Secara ringkas kita melihat praktik Nabi Shallallahu 'alaihi wa sallam dalam membangun kekuatan Islam.
Nabi Shallallahu 'alaihi wa sallam ketika berada di Makkah membuat kader yang difokuskan di rumah-rumah dan terutama di rumah Arqom bin Abi Arqom. Di antara kader yang matang ditugasi menyampaikan dakwah seperti Mushab bin 'Umair yang dikirim ke Madinah.
Nabi Shallallahu 'alaihi wa sallam mencari tempat yang kondusif untuk mengembangkan dakwah dan kekuatan Islam.
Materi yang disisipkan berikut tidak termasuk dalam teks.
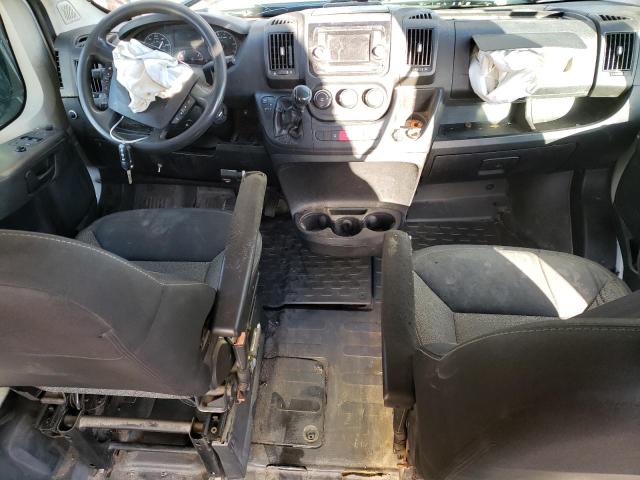 3C6TRVCDXEE130226 - 2014 RAM PROMASTER 2500 HIGH Ақ фото 8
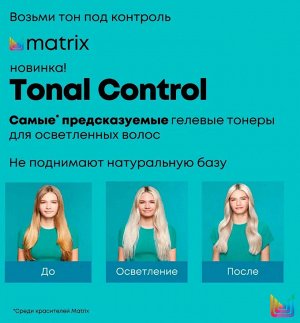 Матрикс Набор Гелевых Тонеров: 6 новых тонеров с 3% оксидом Matrix Tonal Control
Beliau pergi ke Thoif, tetapi tidak cocok. Kemudian beliau memilih ke Madinah karena mendapat sambutan di sana. Kemudian beliau membangun masjid sebagai pusat kegiatan umat Islam dan penempatan kader. Langkah berikutnya beliau mempererat hubungan sesama muslim dengan mempersaudarakan Muhajirin (dari makkah) dan Anshor (dari Madinah). Beliau membuat "Piagam Madinah" untuk membentengi umat Islam dan memberikan hak-hak non muslim.
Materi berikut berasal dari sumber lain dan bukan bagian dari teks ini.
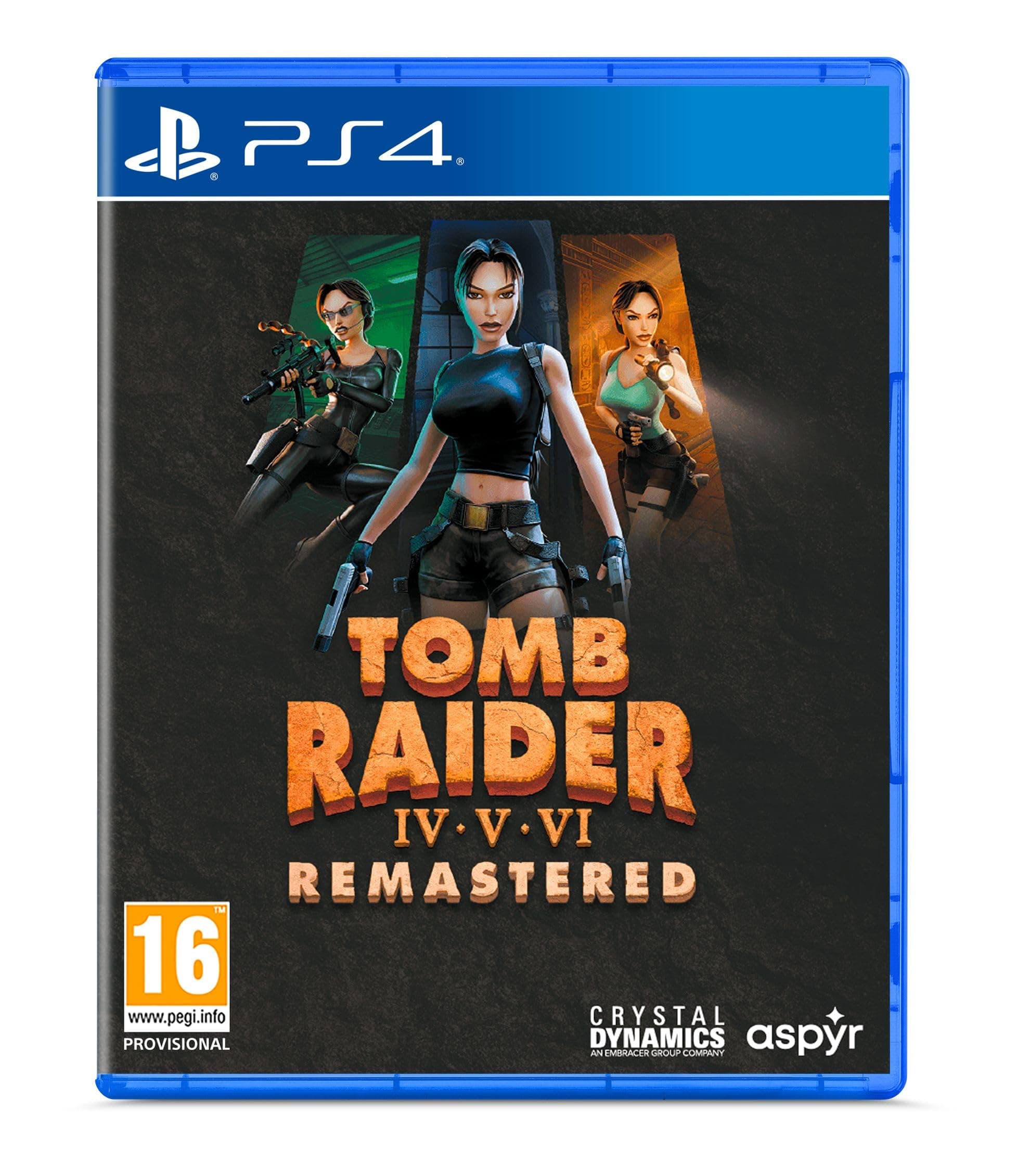 Tomb Raider IV-VI Remastered Starring Lara Croft - PS4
Nabi Shallallahu 'alaihi wa sallam mempersiapkan kekuatan untuk menghadang segala upaya ofensif kaum kuffar. Sampai 27 kali beliau berperang, antara perang defensif dan perang ofensif (seperti perang Tabuk). Di sini menjadi jelas bahwa kesatuan visi yaitu membangun akidah yang benar sampai kesatuan langkah yaitu kepada kekuatan jihad merupakan suatu kesatuan yang menyeluruh.